Director Ernesto Daranas' Conducta, the second film Arcos will discuss, was released just the thaw in U.S.-Cuba diplomatic relations began in 2014. The gorgeously shot portrait of a teacher fighting to keep an 11-year-old impoverished student from being sent to a "re-education" school, which was screened at a number of American and European festivals from 2014 through 2016, was nominated for a Goya Award, Spain's national film awards. It was also Cuba's official submission for the best foreign language film for the Academy Awards, in 2015 (it wasn't shortlisted), but it still never received U.S. distribution.

The U.S. embargo affected the Cuban film industry's financing and distribution. As U.S.-Cuban diplomatic and economic relations began to change in 2014, Filmmaker magazine addressed "What Revised U.S.-Cuba Relations Could Mean for Film." Diana Vargas, artistic director and programmer of the Havana Film Festival New York, told the magazine: "Until now, it has only been through film festivals and third-party intermediaries that U.S. audiences have been able to watch Cuban films, and Cubans have been able to watch U.S. movies only through piracy."

The embargo also affected intellectual work and the exchange of ideas between Cuban film and media scholars and their American counterparts. Arcos' visit and the screenings are sponsored by the Johns Hopkins Office of Study Abroad and the Center for Advanced Media Studies, and organized by Wegenstein with the considerable work of undergraduates Sara Jones and Osiris Mancera and graduate student Liliana Galindo Orrego. Jones said it was difficult to find much information about Arcos online, and Galindo Orrego put together a brief professional history for the scholar through her emails with him.

A professor of cinema at the Universidad de las Artes in Havana, Arcos worked as a cameraman from 1983-1986, then studied cinema in Russia from 1986-1989. Since 1994, he's worked with Havana radio and television stations, and he has traveled to Brazil, France, Germany, Mexico, Norway, Spain, and the United States to give talks and workshops. He specializes in Cuban film and issues of identity and exile, is a programmer at the Havana Film Festival, and some of his Spanish-language writings can be found in On Cuba magazine.

In an interview from 2015 conducted by Cuba Counterpoints and translated into English by Susannah Rodríguez Drissi, Arcos noted that today, "Cuba is at a crossroads. Its identity and independence are once again at stake. It arrives at renewed relations with the United States with a grave problem in tow: its economy and technological infrastructure are weak and need rapid capital investment. Paradoxically, the necessary financing could come from that who was, until yesterday, Cuba's worst enemy. Intellectuals will have to remain active during this process of transformation."

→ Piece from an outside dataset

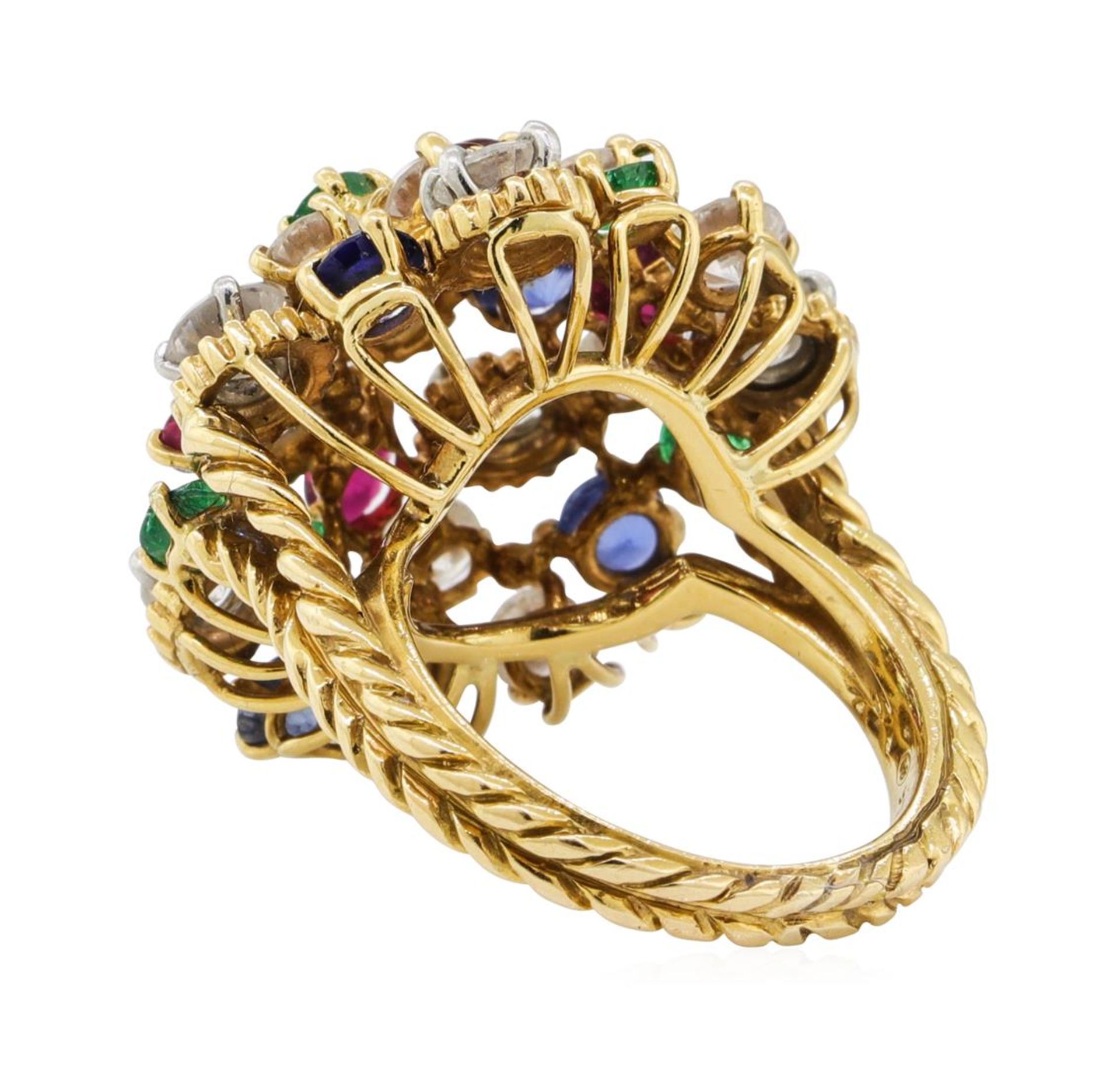 7.08 ctw Ruby, Emerald, Sapphire, and Diamond Ring - 18KT Yellow Gold and Platin - Image 3 of 6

Arcos' Homewood visit and the two screenings offer the rare chance to hear more about the films and film culture of a country that remains largely unknown in America despite being located little more than 100 miles off the Florida coast. Both films tell stories U.S. audiences have never really seen on screen before.

"Both films really express the spirit of Cuban cinema," Wegenstein says. "I think it's pretty exciting, to get him here with these two, important, fresh films."

El Techo (2016) screens April 24 at 5 p.m. in Gilman 50, and Conducta screens April 25 at 6:15 p.m. in Hodson Hall. Both films will be presented in Spanish with English subtitles and will be followed by Q&A sessions translated by graduate students from the Spanish section of the Department of German and Romance Languages and Literatures.